So, I finished the DLCs last night. Some thoughts:
Better level design all around, more open, more Thiefy. Good stuff. The last two missions of the Brigmore Witches are the best in the entire game and begin to reach Thief caliber level design. The Knife of Dunwall isn't quite as impressive though. The Surge especially was kinda boring - I think maybe they could have found a better way to integrate the defeated Overseer invasion that Corvo saw into the story of the DLC.
Overall though the DLC brings much-needed
diversity that was missing from the base game. Competing street gangs, giant whales, mad scientists, spellcasting witches with undead dogs. And I love the terrain around the Brigmore Manor, it's such a refreshing change.

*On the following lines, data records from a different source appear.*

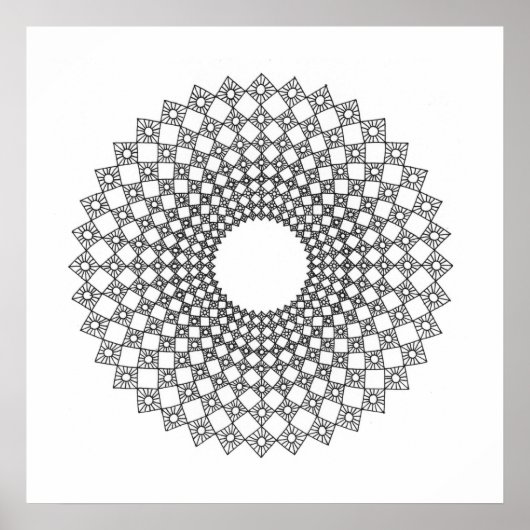 Sun Squares Poster (Voorkant)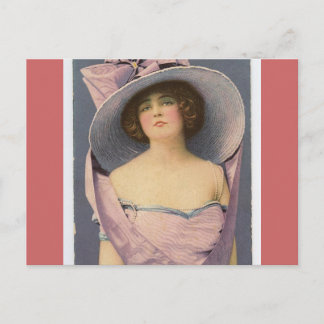 女性妖精 ポストカード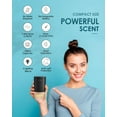 thumbnail image 2 of Waterless Essential Oil Diffuser Aromatherapy for Home, Bedroom, Car, Office, Desk, Battery Operated,100mL Capacity, Small Diffuser for Pure Scent, Diffuseur D'Huile Essentiel AN9 Desert Titanium, 2 of 6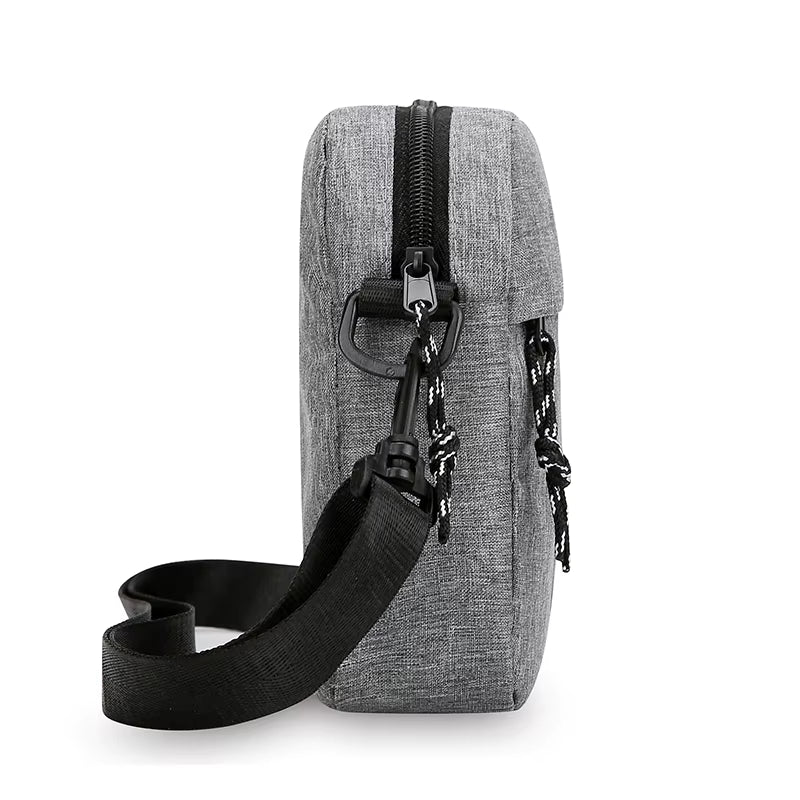 1PC Men'S Satchel Fashion Oxford Cloth Shoulder Bag Men'S Casual Diagonal Crossover Fashion Hand Machine Small Square Bag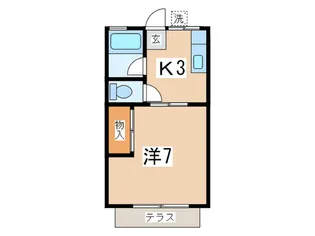 シティハイムあい【1階】の間取り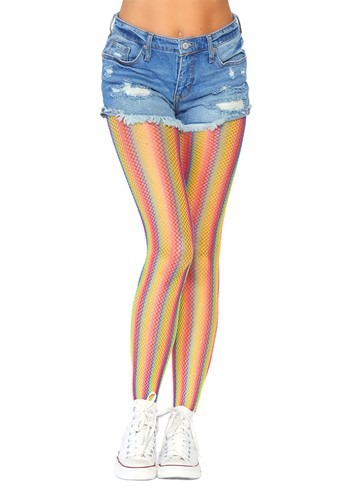 Click Here to buy Rainbow Striped Womens Tights from HalloweenCostumes, CDN Funds & Shipping
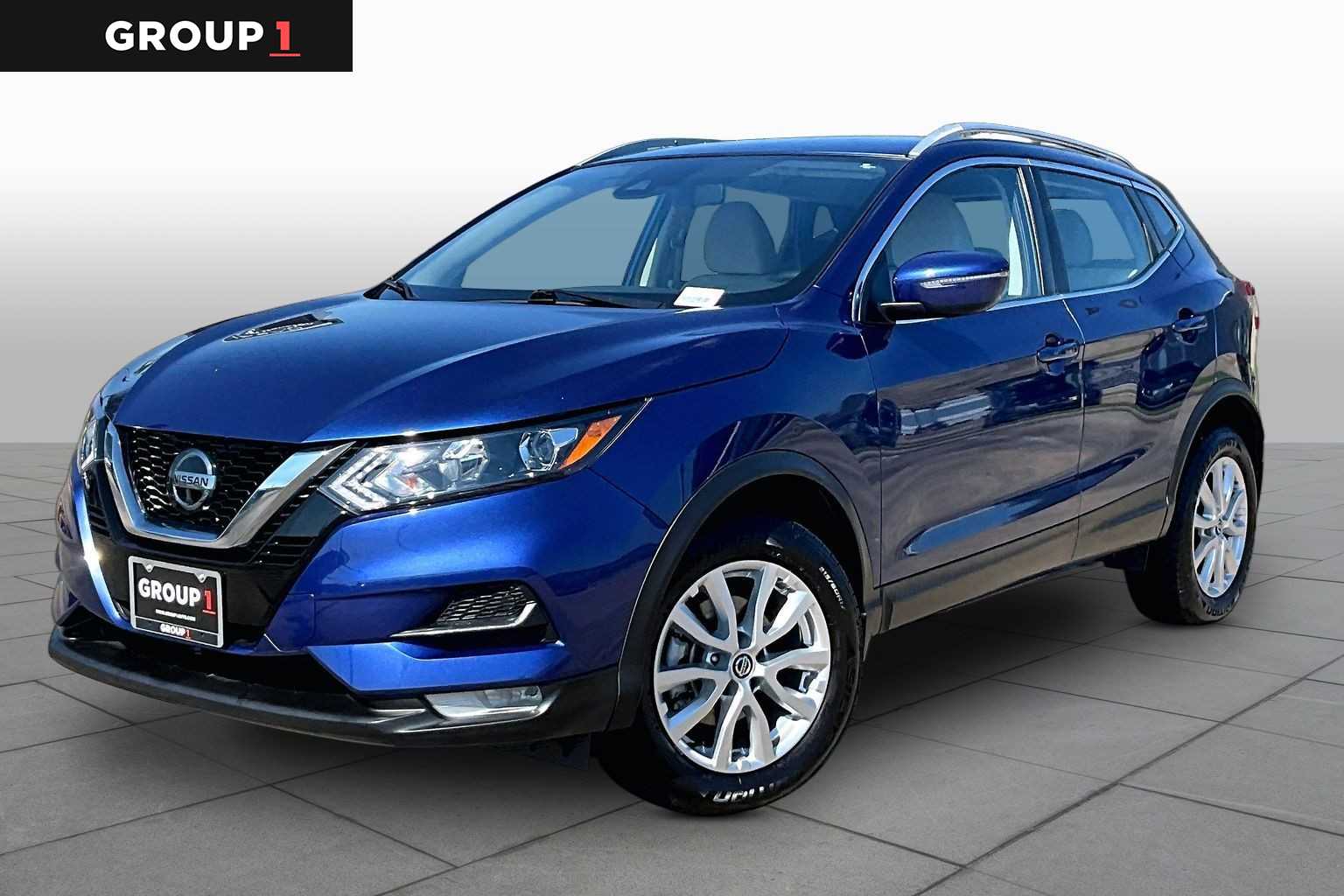 2022 Nissan Rogue Sport SV Caspian Blue Metallic at AutoNation Toyota Gulf Fwy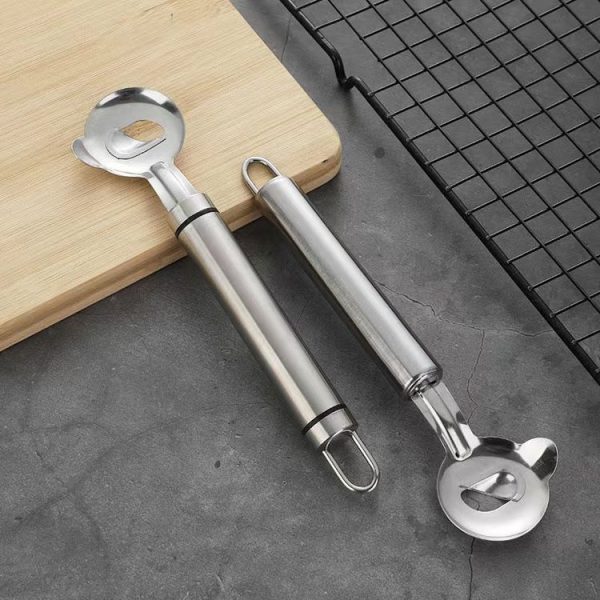 Stainless Steel Noodle Chipper Hangable Household Noodle Peeler, Model: Round Light Handle - Image 2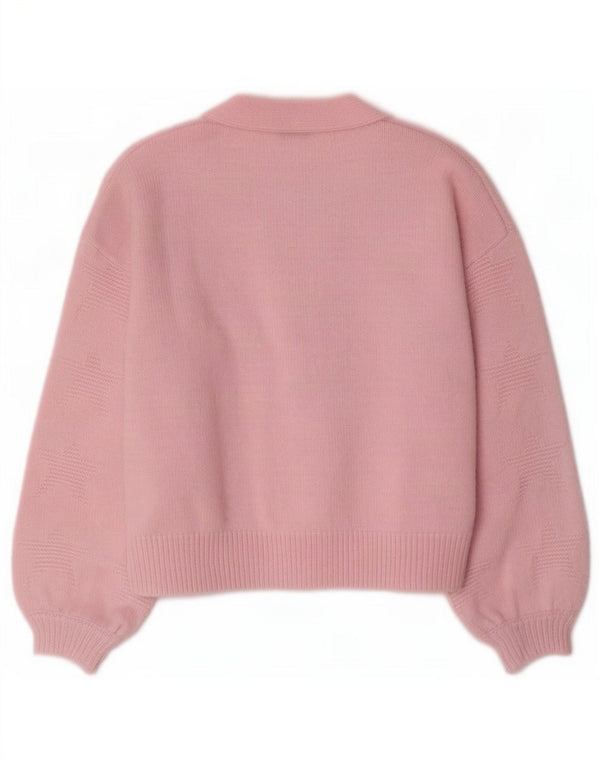 Pulover cardigan supradimensionat pentru femei Oliver Bonas UK 10 mic roz acrilic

My favorite moment though, and this may sound weird, is when you dive through an underwater tunnel near the Dead Eels' ship which takes you into an otherwise inaccessible building with a rune in it. That sense of spatial contrast, of being transported between totally different types of places with different moods and appearances, is something that I now realize that Thief did often. For example, diving into the well and finding yourself in Lord Bafford's basement in the very first level of TDP. It makes the world seem big and REAL, as opposed to the "blinking arenas" that Dishonored levels usually feel like.

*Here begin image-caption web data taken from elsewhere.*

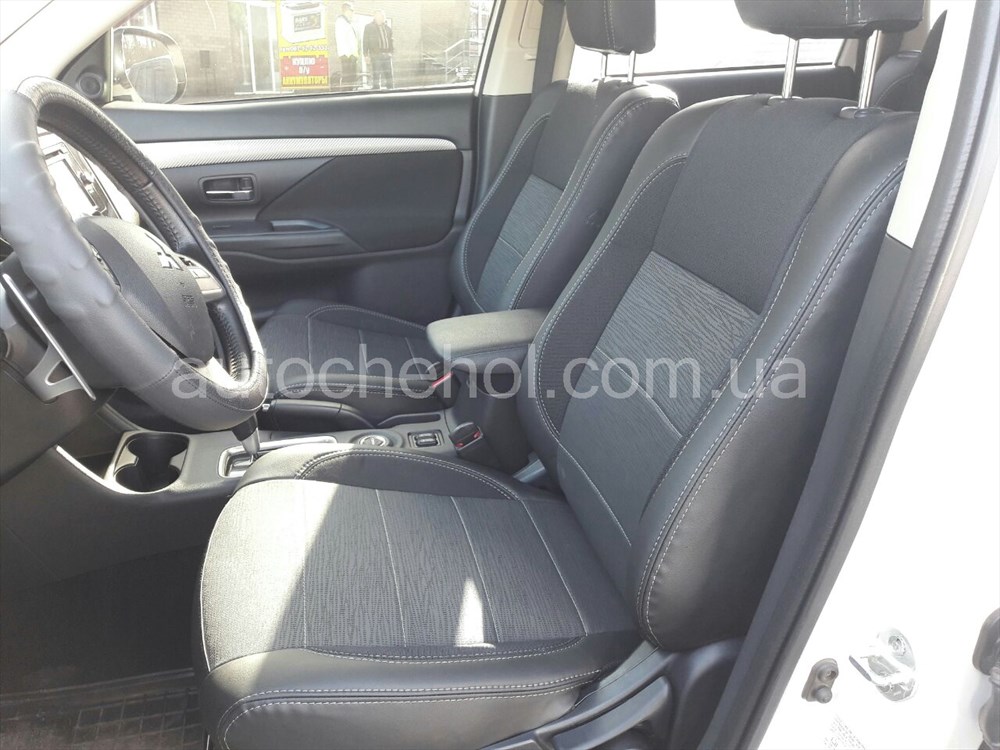 Качественные автомобильные чехлы на сиденья Mitsubishi Outlander 2013, Premium style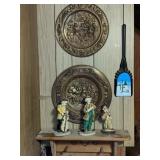 Clown Figurines, Hand Painted Shovel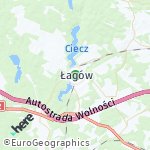 Peta lokasi: Łagów, Polandia
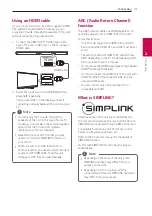 Предварительный просмотр 21 страницы LG DSN5 Owner'S Manual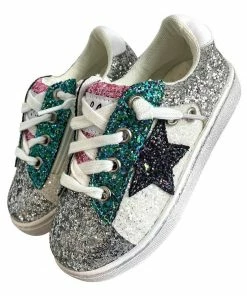 Lola & The Boys Star Girl Glitter Sneakers Girls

The Brigmore Witches themselves seem to be an allusion to the Trickster from Thief with the bright green plants they grow everywhere, and the last stage of the last mission is an obvious homage to the Maw of Chaos. Too bad it's really just the final room of the Maw of Chaos and not the entire level. Also, they totally should have ripped off the bell-twinkling sound you always heard in Trickster-infested areas in Thief.

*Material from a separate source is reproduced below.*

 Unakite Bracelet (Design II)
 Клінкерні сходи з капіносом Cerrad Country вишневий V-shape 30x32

I think the "Daud is an actual character!" thing is overrated. OK, he talks and that's nice, but I don't know, it didn't seem like a massive difference to me. He isn't
that interesting, just a tough guy voiced by Michael Madsen.
Difficulty. As far as stealth play goes, the DLC missions do seem perhaps slightly more difficult than the base game's. NPCs seem slightly more perceptive, and there are various "gotcha" situations here and there. I don't think it's really enough to make a serious difference for an expert player, though, and I wouldn't hype up these missions to stealth players based on their difficulty. It's really basically the same stuff. Time freezing blinking is fun to play around with, but it certainly does nothing to make the game harder.
I liked that money is more limited, and the between-mission store with Thief-style favors that you can buy is a nice touch. They're not all minor stuff, either. Being able to choose whether or not to disguise yourself as an Overseer at Coldridge Prison is a big difference. Kudos to Arkane for implementing things like that.
Non-lethal (and in general, unique/unusual) methods of eliminating targets are less tacked-on than they were in the main game, where it's often obvious that they were added relatively late in development. Capturing and interrogating targets, getting them in trouble with the law and arrested, it all seems much more fleshed out. The Nurse Trimble/Geezer situation is actually a great little piece of C&C that would fit in any RPG. The C&C-type stuff in the DLC is overall more well done than it was in the original game, with its embarrassing ambiguously worded lines of dialog ("you took down the High Overseer!")
Anyway, now I'm done, so Metro can relax...until I find the next game to play for 90 hours.